My prognosis may appear counter-intuitive given the numerical dominance of white men in business, government, academe, the military, and everywhere else there is power to wield, but bear in mind that the demise of every hegemonic system in history--from feudalism to absolutism to so-called communism--has come at the moment of that system's seemingly greatest power.  The right-wing, anti-democratic, misogynistic, racist male egotism embodied by Trump, McConnell, Weinstein, Bezos, and their devoted followers is unleashing--even as I write these words--a backlash that is global and that will, in time, wash away the so-called principles and self-serving ideas of these men, wipe it away like a great Tsunami sweeping across a landscape laid waste by centuries of greed, stupidity, and arrogance.

This is the central point of Margaret Atwood's continuation of The Handmaid's Tale, the (I'm sorry to say) far less engaging novel The Testaments whose central premise is that rotten systems of government--in the case of the novel, brutal patriarchy--decay from within.  While the sequel to AHT was clunky, Atwood's premise is right on the money.  Rot begets rot; corruption engenders corruption; the cult of death--for that is what patriarchy really is--kills itself, though, unfortunately, not until it has claimed far too many innocent victims.

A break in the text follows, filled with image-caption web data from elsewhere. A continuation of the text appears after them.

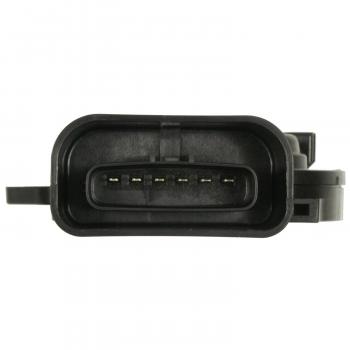 Standard Motor Products DLA658 Door Lock Actuator product image 3 of 3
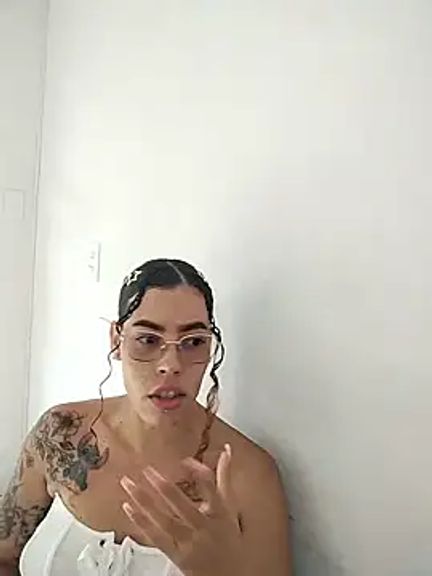 Pamelamiler__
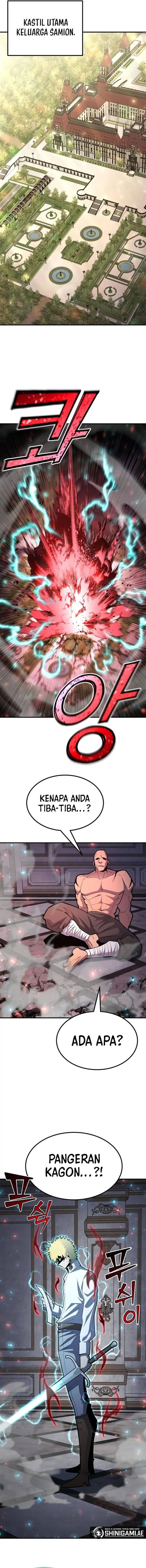 image-komik-standard-of-reincarnation-chapter-98-16/19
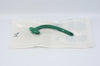 Teleflex 123124 Robertazzi Nasopharyngeal Airway 110 mm x 24Fr (x)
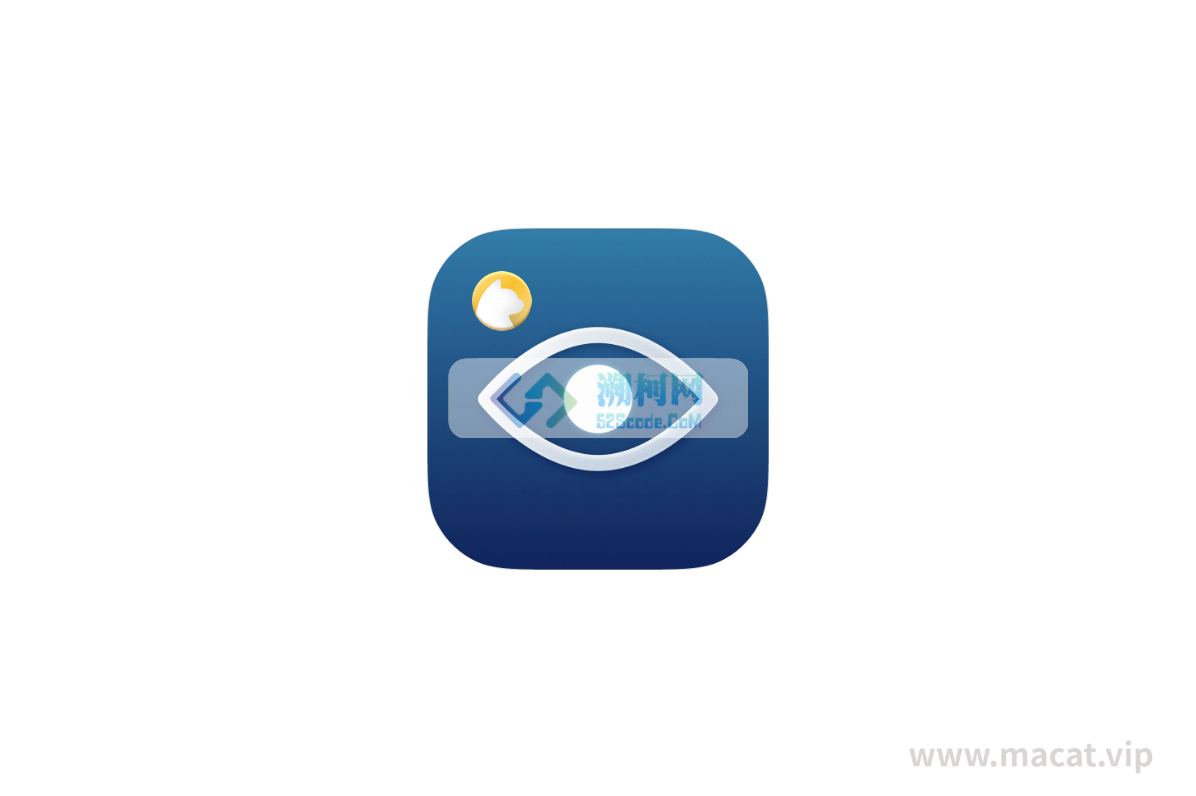 Funter for Mac v6.2.7免激活版 一键开关文件隐藏工具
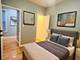 1750 W Cermak Unit 2, Chicago, IL 60608
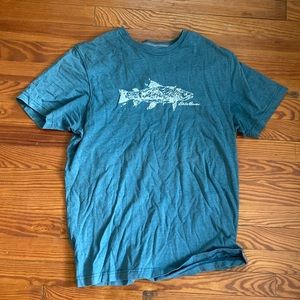 Eddie Bauer TShirt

Will the rest of us--women, children, the poor and powerless, and decent fellows like myself, get out alive?  That remains to be seen.  I don't anticipate a long-term residence on earth, but I lament daily the world my daughters, my wife, and the good people I know will inherit, and I resent bitterly the stupidity and callous self-interest that has created what has passed beyond crisis to something more akin to disaster.

Yes, of course, there are wonderful men and awful women, sure, natch.  I generalize to be sure. Congressman Schiff seems a decent sort; Congressman Jordan of the shirt-sleeves, not so much. But this isn't a note about politicians, but about the trajectory of masculine behavior as it has for too long existed: we're in danger of expiring as a species; birds and turtles are disappearing; coral reefs are doomed; thousands upon thousands of men, women, and children starve and/or sleep under our freeways while the uber-rich (Rudy Giuliani!) own six homes and belong (Rudy Giuliani!) to eleven country clubs.  It's unnatural. The world is being devoured by piggish men who do nothing for anyone--they don't police our streets, fight our fires, teach our children, tend to the sick and the dying, build anything--they spend their wasteful days spinning money into more money, fomenting wars for others to fight, shitting in golden toilets, and spending an inordinate amount of time harassing, degrading, and raping women.

Enough.

***

Meanwhile, women fight back with courage, dignity, and art.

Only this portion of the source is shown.